Mr Lonergan is concerned that well-meaning parents are structuring their children’s lives too much and allowing them little time for play or to entertain themselves.

“Parents are over organising their children’s lives. They are loading them with too much activity. It’s not good for them. It’s too much pressure. You can’t structure life too much. Too much structure limits their capacity to develop skills, to entertain and occupy themselves. They finish school at three then there are grinds followed by football. They are going from Billy to Jack and Billy again. Everything is done to a timetable. I’d use commonsense. Children need time on their own to look out the window. They need to walk out the field and look for birds’ nests. They must be allowed grow and develop at their own pace.”

Best intentions

He says one of the secrets of effective parenting is listening to children, especially teenagers. “Parents can talk too much but do very little listening. They can dictate too much. It is important to sit down and listen. A huge amount of decisions are being made with the best intentions in parents’ hearts but they can cause havoc for the child. And the end product is he/she stops communicating.
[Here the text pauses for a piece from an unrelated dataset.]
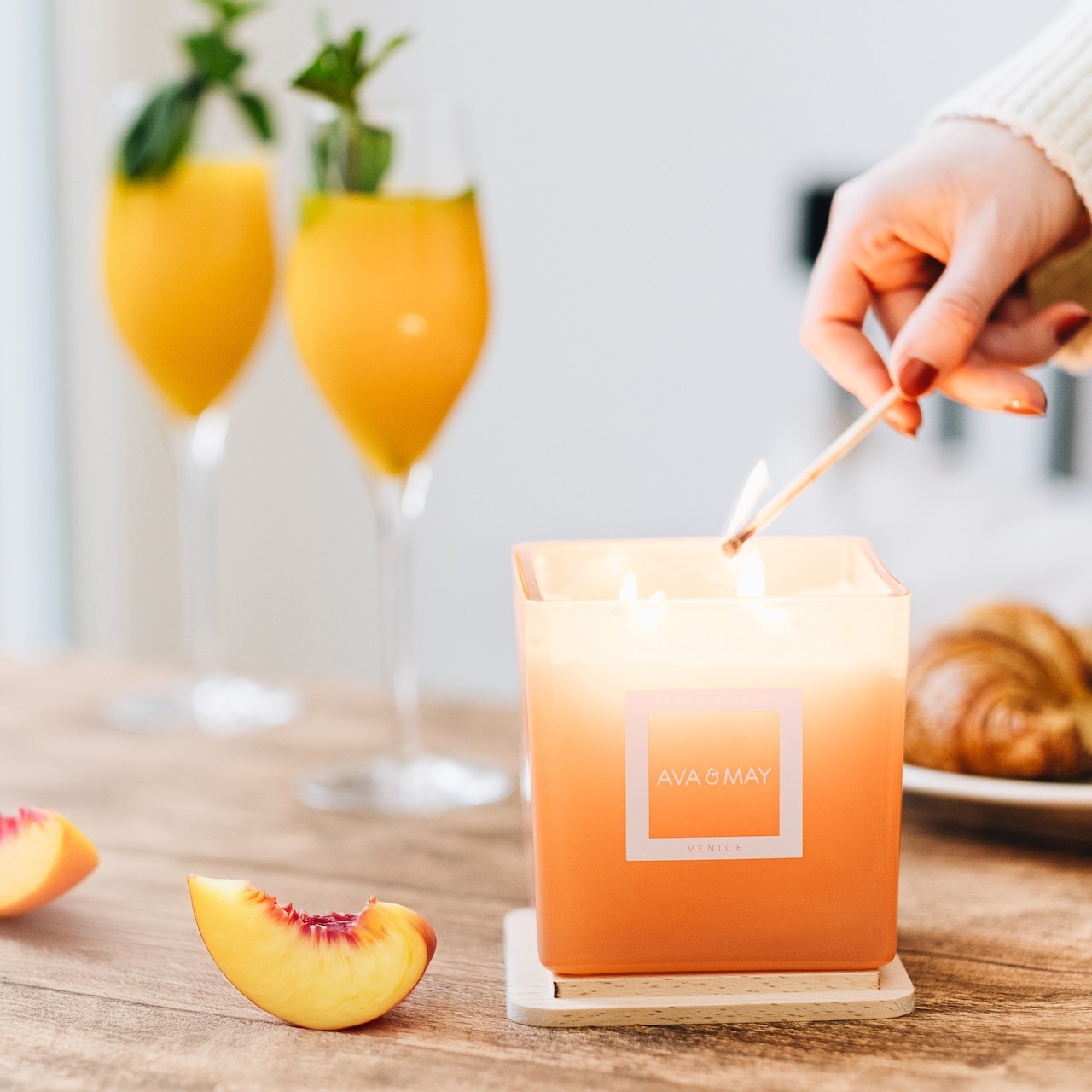 AVA & MAY Maxi bougie parfumée Peach Bellini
“Parents sometimes over-parent. They are control freaks. It is important to be able to recognise that, to allow children to be individuals. Fathers believe it will toughen their children up but that’s a disastrous policy. Roaring and shouting isn’t the way to go. There is no communication going on then or when the young person is shouting and roaring. If a day arrives and the parents’ communication lines break down you have lost it with your children.”

“Interrogating” as a means of finding out what your children are doing is another unwise “communication style”, according to Mr Lonergan. He instead recommends “constantly chatting” to teenagers.
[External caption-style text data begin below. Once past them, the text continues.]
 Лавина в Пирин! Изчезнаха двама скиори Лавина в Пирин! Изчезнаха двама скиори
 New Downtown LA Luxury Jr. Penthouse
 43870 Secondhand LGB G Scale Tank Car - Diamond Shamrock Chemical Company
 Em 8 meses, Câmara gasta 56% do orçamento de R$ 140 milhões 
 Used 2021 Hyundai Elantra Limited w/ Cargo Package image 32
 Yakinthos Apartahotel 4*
“On the basis of that parents will get to know what they are at. Armed with that information you can help and support your child. If you [are out of touch with your children] and ignore what’s going on you are helpless. A serious part of the responsibility rests with the parents to keep the communication lines open. It can be very frustrating if the lines of communication break down.”

Being non judgemental, concealing very strong feelings if necessary, and being available to offer a listening ear or talk at any time are some of the secrets of successful parenting, he maintains.

Hostile environment

“Being non judgemental is important, even if you are shocked you’ve got to control your shock. Our reactions indicate how we feel about something. If we show children we are shocked or appalled or really condemn particular behaviour we are giving them the signal that this is a hostile environment. This is an opportunity lost. A lot of difficulties arise because young people are afraid to disclose to parents what they are at. It is important to create an environment where children are comfortable talking about issues, such as addiction. Parents have to be available as teenagers will decide re the timing.”
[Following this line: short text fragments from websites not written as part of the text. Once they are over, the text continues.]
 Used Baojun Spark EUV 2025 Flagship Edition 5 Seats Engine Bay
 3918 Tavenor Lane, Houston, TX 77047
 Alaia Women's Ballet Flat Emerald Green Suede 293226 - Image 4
And if that means forgoing Coronation Street - one of John Lonergan’s favourite television programmes - so be it, he says. “Chat, chat, chat I say to parents. As children get bigger, around 11 or 12 years, you can’t do it formally, like [arranging to talk] in the sitting room at night. That would be too stilted. Do it informally over Sunday lunch or Saturday dinner. Sit down, eat a meal, that takes the focus and breaks down tension. Let them give their opinions and use it as an opportunity to listen. Sometimes it might mean turning off the TV and forgoing Coronation Street. Be available when your child is ready to talk or else the moment will pass. You may be up to date with Coronation Street but may have missed it with your child. It is important for parents to realise that communication often comes at inappropriate times.”